Art can and perhaps should challenge us, or at the very least make demands on our thoughts rather than merely feeble requests for our attention. Far Out Isn’t Far Enough, Brad Bernstein’s documentary about children’s book illustrator/erotica producer Tomi Ungerer celebrates its subject, and by scratching past the broadest, hence most superficial, encomiums, gets us to celebrate him as well.
Rather than cherry-picking the parts of its subject’s production that might be most palatable to a particular audience and glossing over the rest, the film does the slower but more admirable job of revealing how the seeming contradictions are two parts of the same artist, insisting that such contradictions arise from the same place as as the artist’s innovation.

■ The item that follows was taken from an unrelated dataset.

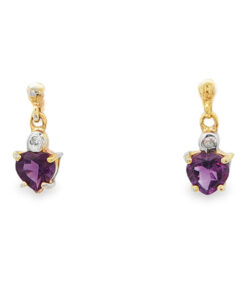 9ct gold amethyst and diamond drop earrings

Ungerer ties his bold proclamation that “children should be traumatized” to his artistic vision that pushed children’s fiction beyond the benign and banal. “When we feel fear, we must discover courage in order to survive.” While treading lightly on direct psychoanalysis of the artist, the film (like Ungerer himself) clearly roots his view of the world in a childhood spent in Alsace during wartime. Ungerer learned–and relates–many lessons that we might want to shield children from but which we intuitively suspect they must learn in order to function in the world we inhabit with them. When talking about being forced to learn the language of the conquerors (because speaking French could mean a prison or even death sentence), he wryly opines that it turns out a child “can learn German in four months” and that “it doesn’t take Berlitz; a knife to your throat can suffice.” Later, as he sees the French victors burning all vestiges of German culture, and later still when his own books, previously awarded, are condemned, he speaks of struggling with “cognitive dissonance” that arises when the shifts of time and power call into question easy assumptions about goodness and evil.

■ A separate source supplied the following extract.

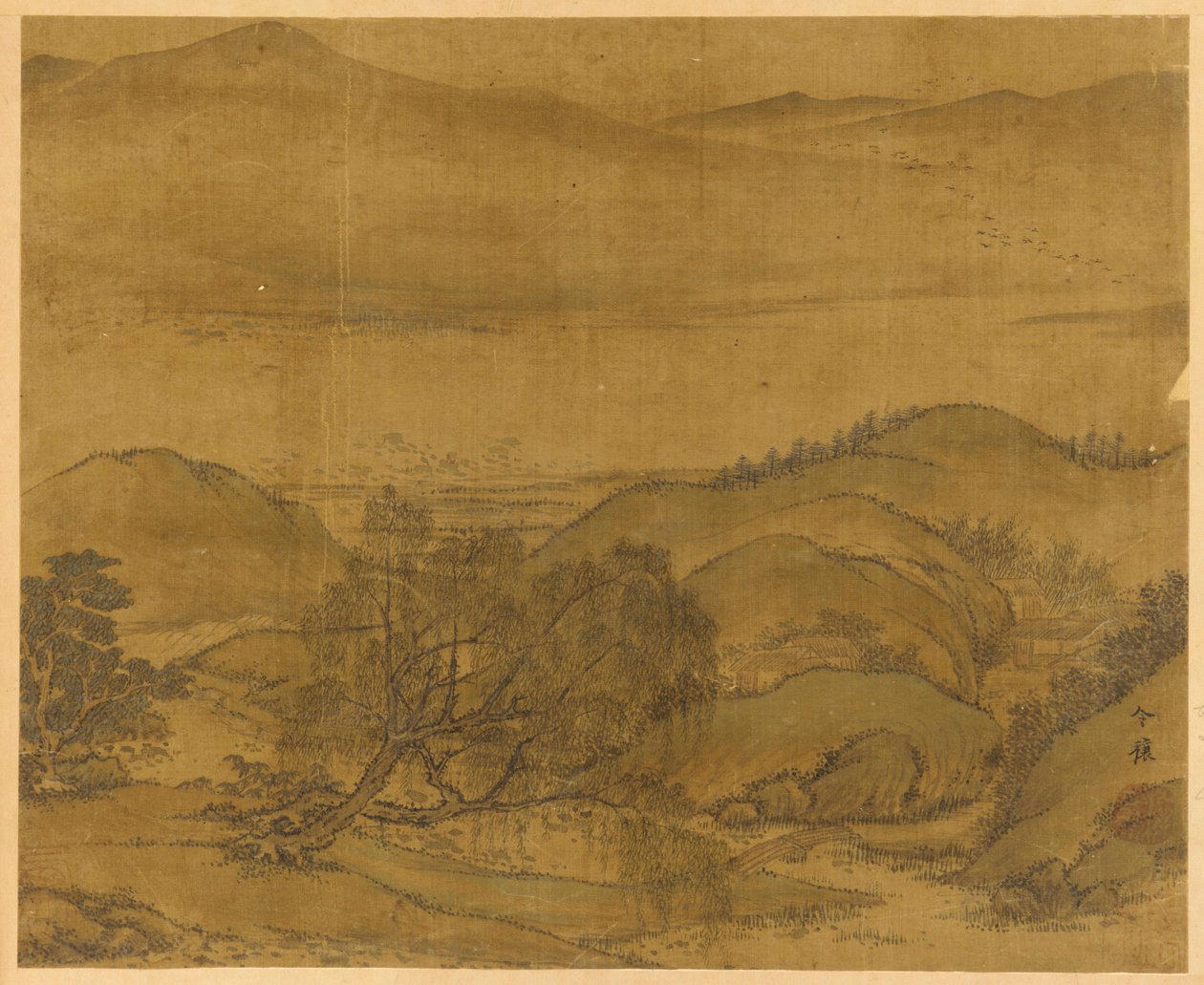 Jokimaisema: paju ja muut puut, mäkiä..., Yuan- tai Ming-dynastia, 1279-1644. tekijältä Unbekannt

The first act narrative, the one we are comfortable with, is that of Ungerer immigrating to America after the war, honing his craft in advertising, and revitalizing the children’s literature genre. If that’s all there was, it would be enough, particularly given the stylish animations of the film and generous sampling of Ungerer’s work. But we get a second act where Ungerer’s political consciousness is funneled into protest posters and underground erotica, and a third where his marginalization (blacklisting?) forces us to challenge our assumptions not just about art and childhood but about governments and cultures that try to control the productions of the former and representations of the latter in order to bolster their claims of higher moral consciousness.

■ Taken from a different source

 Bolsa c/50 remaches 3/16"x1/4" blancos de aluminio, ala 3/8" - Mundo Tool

Far Out Isn’t Far Enough also contains appreciations, including a moving and forceful one from Maurice Sendak. Why is it that artists often appear the most willing to acknowledge those who have opened doors for them, carved out spaces (often at great price) into which those that follow can plant their seeds to green our imaginations? Could it be, perhaps, because they feel more deeply than many of us the little compromises that aren’t so little and the small hypocrisies that that allow us to repress deeper taboos and more disturbing conflicts? I would argue that if you love Maurice Sendak (or Lemony Snicket, or, heck, J, K. Rowling) you owe a debt to Tomi Ungerer whether you’ve (or they’ve) read him or not. The line of influence may not be a straight one; often it isn’t. But one quality of great art is that it pushes the boundaries–not just of taste, but of perception. By challenging the conventional or status quo, it lets us see more…and more deeply.
The world is often a bewildering, often a scary place, not just for children, but for all of us. It’s okay to say that. It’s okay to see that. It is when we are aware of our fears that we search for–and often find–the courage to confront them.
Far Out Isn’t Far Enough was a part of the “New Docs” program at the 2013 Full Frame Documentary Film Festival.